Look through the records below for the line with "African Wild Dog". Return that line and each one after it up to and including the line with "Professional Odor Removal", exactly.

(Available data Opens)

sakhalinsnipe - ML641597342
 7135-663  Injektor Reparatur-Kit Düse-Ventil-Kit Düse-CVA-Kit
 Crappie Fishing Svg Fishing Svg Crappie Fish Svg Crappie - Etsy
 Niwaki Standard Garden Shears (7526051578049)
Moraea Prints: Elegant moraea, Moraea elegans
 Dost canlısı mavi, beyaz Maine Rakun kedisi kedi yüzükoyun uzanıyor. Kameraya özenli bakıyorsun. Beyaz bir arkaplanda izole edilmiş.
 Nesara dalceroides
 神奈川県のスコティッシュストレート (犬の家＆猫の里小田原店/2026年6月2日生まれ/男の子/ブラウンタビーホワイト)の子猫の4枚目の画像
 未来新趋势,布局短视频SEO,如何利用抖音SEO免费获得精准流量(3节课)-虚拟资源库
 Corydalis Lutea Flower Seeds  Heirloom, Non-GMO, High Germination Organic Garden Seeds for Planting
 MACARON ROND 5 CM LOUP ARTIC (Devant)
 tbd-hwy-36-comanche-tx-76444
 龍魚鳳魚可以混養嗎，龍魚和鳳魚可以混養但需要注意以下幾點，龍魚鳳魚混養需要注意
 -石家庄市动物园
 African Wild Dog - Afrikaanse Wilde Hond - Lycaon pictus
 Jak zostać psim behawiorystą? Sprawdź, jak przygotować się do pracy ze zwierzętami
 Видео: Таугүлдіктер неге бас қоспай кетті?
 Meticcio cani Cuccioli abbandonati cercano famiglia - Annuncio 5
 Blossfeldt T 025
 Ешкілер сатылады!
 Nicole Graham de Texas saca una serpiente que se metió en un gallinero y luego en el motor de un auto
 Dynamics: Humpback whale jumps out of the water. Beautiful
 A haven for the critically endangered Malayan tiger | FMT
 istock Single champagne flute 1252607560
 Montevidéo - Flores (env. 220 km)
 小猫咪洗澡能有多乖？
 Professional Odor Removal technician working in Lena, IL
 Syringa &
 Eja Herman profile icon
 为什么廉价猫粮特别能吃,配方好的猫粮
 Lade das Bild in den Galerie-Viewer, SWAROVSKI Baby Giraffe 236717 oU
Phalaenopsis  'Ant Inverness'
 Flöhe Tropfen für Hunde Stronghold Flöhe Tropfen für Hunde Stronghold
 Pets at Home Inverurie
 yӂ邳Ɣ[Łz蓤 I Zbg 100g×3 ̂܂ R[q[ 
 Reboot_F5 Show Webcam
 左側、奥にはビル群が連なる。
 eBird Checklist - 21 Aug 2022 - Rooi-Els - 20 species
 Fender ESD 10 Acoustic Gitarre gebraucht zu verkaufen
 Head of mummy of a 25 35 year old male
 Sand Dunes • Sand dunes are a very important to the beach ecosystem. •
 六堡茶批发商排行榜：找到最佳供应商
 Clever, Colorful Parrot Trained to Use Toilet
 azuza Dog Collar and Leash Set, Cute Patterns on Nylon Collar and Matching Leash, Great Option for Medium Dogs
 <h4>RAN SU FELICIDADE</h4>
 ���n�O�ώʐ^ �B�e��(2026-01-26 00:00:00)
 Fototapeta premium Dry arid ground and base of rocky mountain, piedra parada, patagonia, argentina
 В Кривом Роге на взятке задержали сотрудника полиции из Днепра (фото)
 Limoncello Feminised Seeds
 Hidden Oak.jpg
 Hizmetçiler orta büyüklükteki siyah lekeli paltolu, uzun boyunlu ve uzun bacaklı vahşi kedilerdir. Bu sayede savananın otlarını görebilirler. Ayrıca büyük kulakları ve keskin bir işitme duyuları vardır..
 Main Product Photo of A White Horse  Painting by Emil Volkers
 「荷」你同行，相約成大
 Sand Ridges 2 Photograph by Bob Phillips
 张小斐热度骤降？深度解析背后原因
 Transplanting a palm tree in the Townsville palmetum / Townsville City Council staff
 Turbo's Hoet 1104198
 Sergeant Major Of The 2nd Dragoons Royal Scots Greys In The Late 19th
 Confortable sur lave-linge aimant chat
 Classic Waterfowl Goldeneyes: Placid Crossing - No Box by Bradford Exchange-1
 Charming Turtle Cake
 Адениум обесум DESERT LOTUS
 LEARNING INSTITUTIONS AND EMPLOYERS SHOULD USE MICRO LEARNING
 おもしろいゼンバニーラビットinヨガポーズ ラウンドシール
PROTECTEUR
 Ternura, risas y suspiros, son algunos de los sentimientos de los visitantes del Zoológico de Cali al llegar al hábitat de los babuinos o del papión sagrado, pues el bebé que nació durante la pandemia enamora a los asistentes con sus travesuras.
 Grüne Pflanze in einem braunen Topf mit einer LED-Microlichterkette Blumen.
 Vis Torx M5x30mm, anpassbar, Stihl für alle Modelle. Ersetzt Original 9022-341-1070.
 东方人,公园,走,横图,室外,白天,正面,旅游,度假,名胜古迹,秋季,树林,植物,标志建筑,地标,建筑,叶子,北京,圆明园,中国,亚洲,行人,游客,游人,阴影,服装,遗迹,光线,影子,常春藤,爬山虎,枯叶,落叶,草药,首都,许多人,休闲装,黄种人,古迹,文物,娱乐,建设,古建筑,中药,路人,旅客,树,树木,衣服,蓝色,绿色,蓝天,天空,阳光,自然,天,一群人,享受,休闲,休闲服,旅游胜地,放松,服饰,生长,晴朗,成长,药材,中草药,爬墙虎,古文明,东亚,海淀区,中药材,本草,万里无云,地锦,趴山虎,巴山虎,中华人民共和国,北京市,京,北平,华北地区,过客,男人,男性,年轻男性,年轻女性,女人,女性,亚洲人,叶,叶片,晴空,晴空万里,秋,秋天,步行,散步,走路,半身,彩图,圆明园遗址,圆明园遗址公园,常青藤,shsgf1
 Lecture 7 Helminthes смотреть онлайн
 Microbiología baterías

(Available data Closes)

Answer section:
 African Wild Dog - Afrikaanse Wilde Hond - Lycaon pictus
 Jak zostać psim behawiorystą? Sprawdź, jak przygotować się do pracy ze zwierzętami
 Видео: Таугүлдіктер неге бас қоспай кетті?
 Meticcio cani Cuccioli abbandonati cercano famiglia - Annuncio 5
 Blossfeldt T 025
 Ешкілер сатылады!
 Nicole Graham de Texas saca una serpiente que se metió en un gallinero y luego en el motor de un auto
 Dynamics: Humpback whale jumps out of the water. Beautiful
 A haven for the critically endangered Malayan tiger | FMT
 istock Single champagne flute 1252607560
 Montevidéo - Flores (env. 220 km)
 小猫咪洗澡能有多乖？
 Professional Odor Removal technician working in Lena, IL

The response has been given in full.